Come è noto, per quanto riguarda l’antichità
classica, il primo documento scritto che attesta l'esistenza di una dimensione
etica in medicina è il giuramento ippocratico, che ancora oggi fa parte della
deontologia del medico. Le parti iniziali e finali del testo, con il riferimento
agli dei e agli effetti del giuramento, rivelano la natura rituale e sacerdotale
della professione medica nell'antica Grecia. I paragrafi che trattano gli
obblighi verso il paziente e la sua famiglia sono invece quelli più
interessanti per comprendere la natura della medicina delle origini e il suo
rapporto con l'etica. Nel giuramento, come in altri testi ippocratici, la
funzione della medicina è quella di fare del bene o quanto meno non nuocere
all'ammalato (Primum non nocere), il
quale non va necessariamente reso partecipe della natura delle terapie. Più in
generale, la medicina appare per la prima volta come una scienza volta a
restaurare il normale corso della natura, astenendosi dal ricorso a forze
soprannaturali. Il medico dovrà, quindi, allearsi con l'ammalato per
sconfiggere il terzo termine della relazione: la malattia. Ogni affermazione del
giuramento rivela ciò che vi è di più intrinseco alla medicina come arte: il
potere del ruolo del guaritore, il carattere paternalistico della relazione
terapeutica, le circostanze tragiche in cui viene esercitata la cura. Da queste
condizioni derivano le prerogative sociali e gli obblighi del medico nei
confronti dei pazienti. Vulnerato nella sua salute, il malato non è in grado di
godere di diritti di fronte a colui che cura. Per questo egli si deve affidare
alla sua arte che si ammanta di poteri sacerdotali.
Prescrizioni etiche tornano più volte nel corso
della storia della medicina in Occidente. Nei medioevali Mandata
et praecepta ecclesiae le regole ippocratiche vengono intrise dal nuovo
umanesimo cristiano, che ha portato alla ribalta i valori della carità e della
vicinanza al sofferente, visto come immagine di Cristo. Nei precetti contenuti
nel De instructione medici (Collectio
Salernitana) si stabilisce che il medico dovrà valersi del sostegno del
confessore, utilizzando le mezze verità e le esortazioni laddove queste possano
migliorare lo stato dell'infirmus.

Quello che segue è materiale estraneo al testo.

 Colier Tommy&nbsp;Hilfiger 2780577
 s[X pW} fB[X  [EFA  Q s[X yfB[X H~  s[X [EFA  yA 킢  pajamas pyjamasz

La
medicina diviene, quindi, principalmente esercizio di carità per la
salvaguardia di un bene che non appartiene all'uomo, ma che a esso è stato
donato da Dio. Ma se la vita è sacra, la sofferenza del malato non va
considerata sempre negativamente, come un ostacolo da superare, poiché il
dolore della carne può rivelarsi uno strumento di redenzione e di avvicinamento
alla vera meta dell'uomo che non è la salute, bensì la salvezza. In alcuni
autori della Patrologia latina alto medioevale, come Fulberto di Chartres, ci si
imbatte nella contrapposizione tra la Schola
Salvatoris e la Schola Hippocratis,
con evidenti conseguenze sulla considerazione in cui per alcuni secoli è tenuta
la medicina profana, volta all'illusorio tentativo di ristabilire con mezzi
puramente naturali un ordine biologico in realtà soggetto alla grazia. E' solo
a partire dal dodicesimo secolo che il pensiero cristiano rivaluta la medicina
come dono di Dio e si profilano i primi tentativi di riformulare i precetti
ippocratici in un contesto religioso.
In generale, le morali antiche e medioevali
insistono con diversi accenti sul carattere paternalistico e benefico della
medicina. Un classico esempio di cosa può significare un tipo di cura
incardinata sulla beneficenza religiosa sono le parole di Sant'Antonio da
Firenze (quindicesimo secolo), quando afferma: “Se un uomo malato rifiuta le
medicine che gli vengono prescritte, il medico che è stato chiamato da lui o
dai suoi parenti può curarlo contro la sua volontà, così come una persona
deve essere trascinata fuori, contro la sua volontà, da una casa che sta
crollando”. Fare il bene anche contro la volontà del paziente (principio di
beneficenza assoluta) resta un caposaldo dell'etica medica fino a metà del
secolo ventesimo. Nel suo Medical Ethics
(1803) Sir Thomas Percival scrive che il medico, in qualità di ministro del
malato “deve cercare di comportarsi in modo da fondere la tenerezza con la
fermezza, e la condiscendenza con l'autorità, in modo da ispirare nei suoi
pazienti la gratitudine, il rispetto e la fiducia”. Questa condiscendenza di
tono paternalistico volta al benessere del malato, cioè di una persona che si
trova in una oggettiva condizione di minorità fisica e psicologica, giustifica
talvolta la mezza verità o la menzogna: “Quando un paziente, che forse è un
padre di famiglia numerosa” scrive Percival “o la cui vita è di estrema
importanza per la comunità, fa domande tali che, se il medico desse una
risposta sincera potrebbe ricevere un colpo fatale, sarebbe un errore grave e
impietoso dirgli la verità. Il suo diritto a una risposta sincera è dubbio, se
non inesistente, poiché il naturale beneficio della rivelazione diventerebbe in
questo caso un danno”.
Forme di paternalismo, ancorché attenuato dal
principio generale di veridicità, si trovano nei documenti ufficiali delle
società mediche di tutto il mondo fino agli anni settanta del ventesimo secolo.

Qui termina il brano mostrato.